At the same time, many of the biggest U.S. companies have gone further, effectively establishing a tech boycott of the nation. The idea, encouraged by Ukrainian leaders, is that depriving Russians of access to tech and digital platforms will spur popular protest and undermine Putin’s military campaign.

But no one has attempted modern technological isolation on this scale before, and it’s hard to say how Russia’s 145 million people will ultimately respond. Cutting Russians adrift from online services may undermine pro-democracy activists seeking to organize antiwar protests. And, perhaps most crucially, it threatens to drive Russia closer to America’s rivals, most notably China.

“It’s hard to think of a historic parallel,” said Peter Singer, a U.S. military strategist and author whose technothrillers have depicted combat in the absence of communication and the weaponization of social media.

Read more: How the Ukraine war has reverberated through factories

Singer notes that the U.S. has always attempted to control an enemy’s supply chain. That includes Washington’s efforts to cut off Japanese access to raw resources such as oil, rubber and tin following that country’s 1937 invasion of China.

“What’s different today in the digital era is you’re reaching into the components — the chips and other pieces of it,” he said.

Restricting online services brings a dilemma.
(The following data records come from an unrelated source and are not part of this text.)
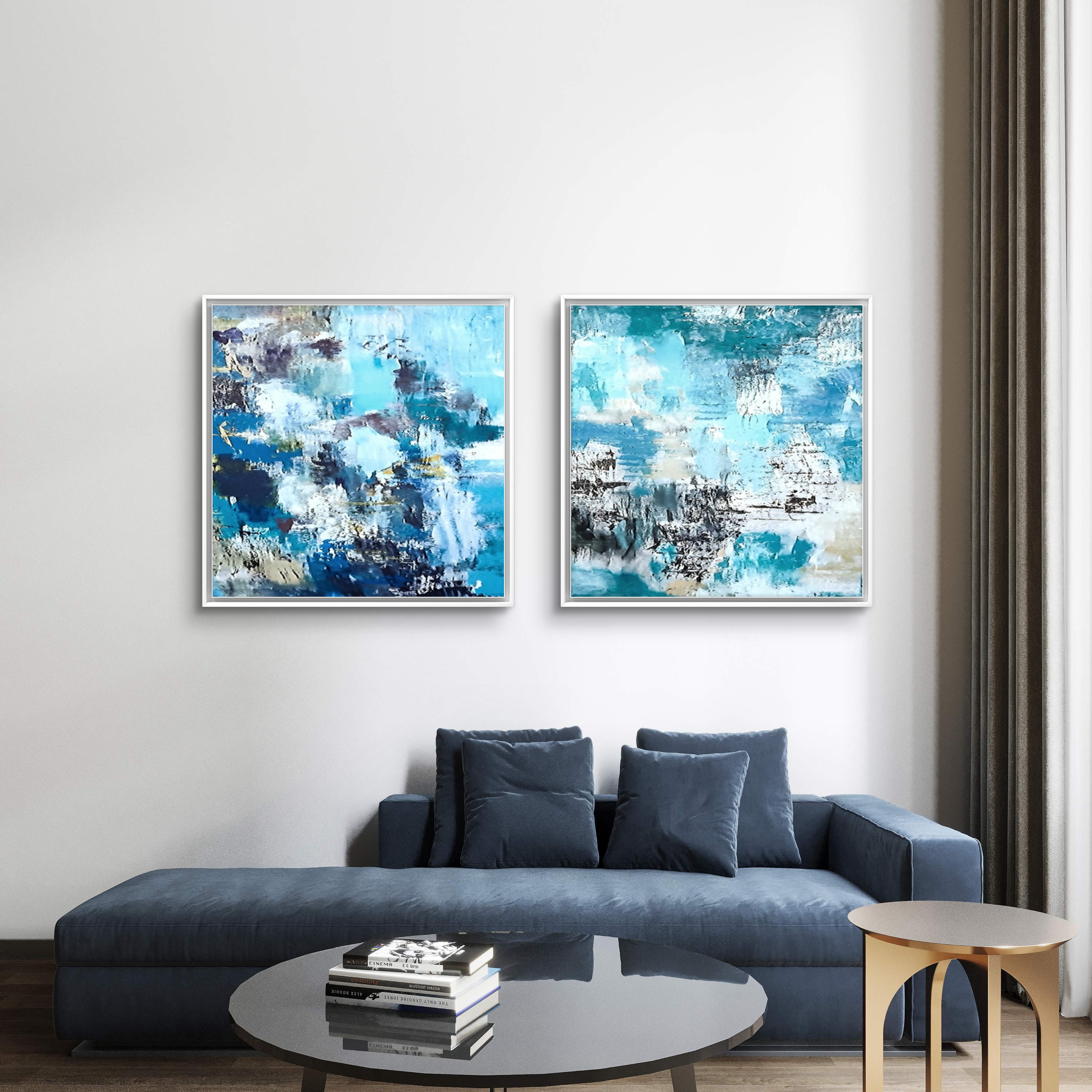 Абстрактна модульна картина 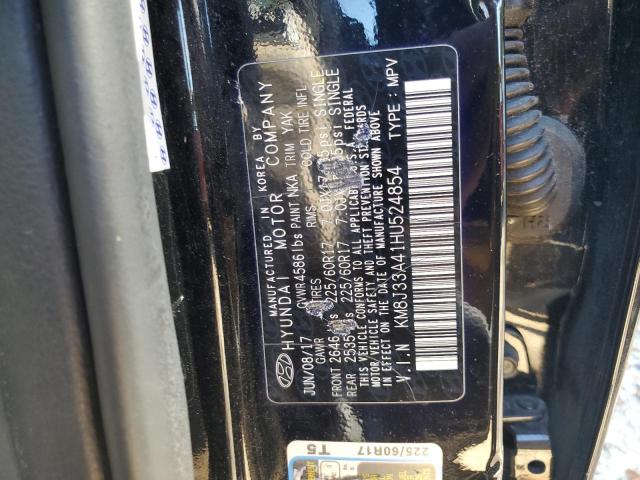 Photo 12 VIN: KM8J33A41HU524854 - HYUNDAI TUCSON LIM 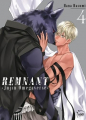 Couverture Remnant Jujin Omegaverse, tome 4 Editions Taifu comics (Yaoï) 2025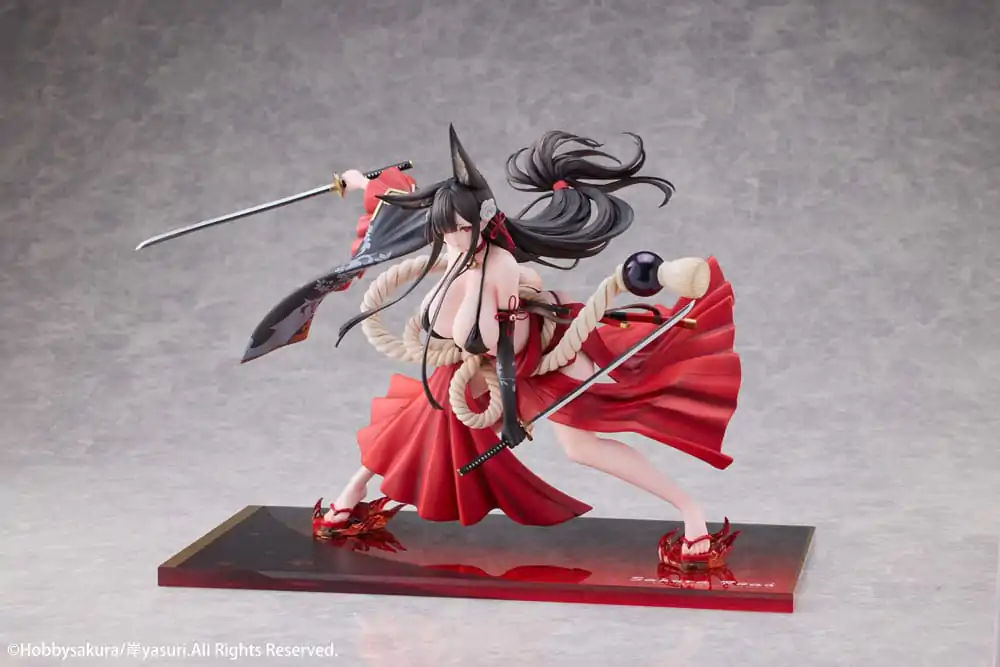 Originální ilustrace PVC soška 1/7 Ying Mo illustration by Kishi yasuri 25 cm fotografii produktu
It further carves up the internet and threatens to make censorship and disinformation worse.

A senior Biden administration official acknowledged the experimental nature of the tech broadside. No one knows how the export-control move will “play out in terms of the details,” the official told Bloomberg News. But the economic separation espoused by both the U.S. government and tech companies feels like “exactly what is needed,” the official said.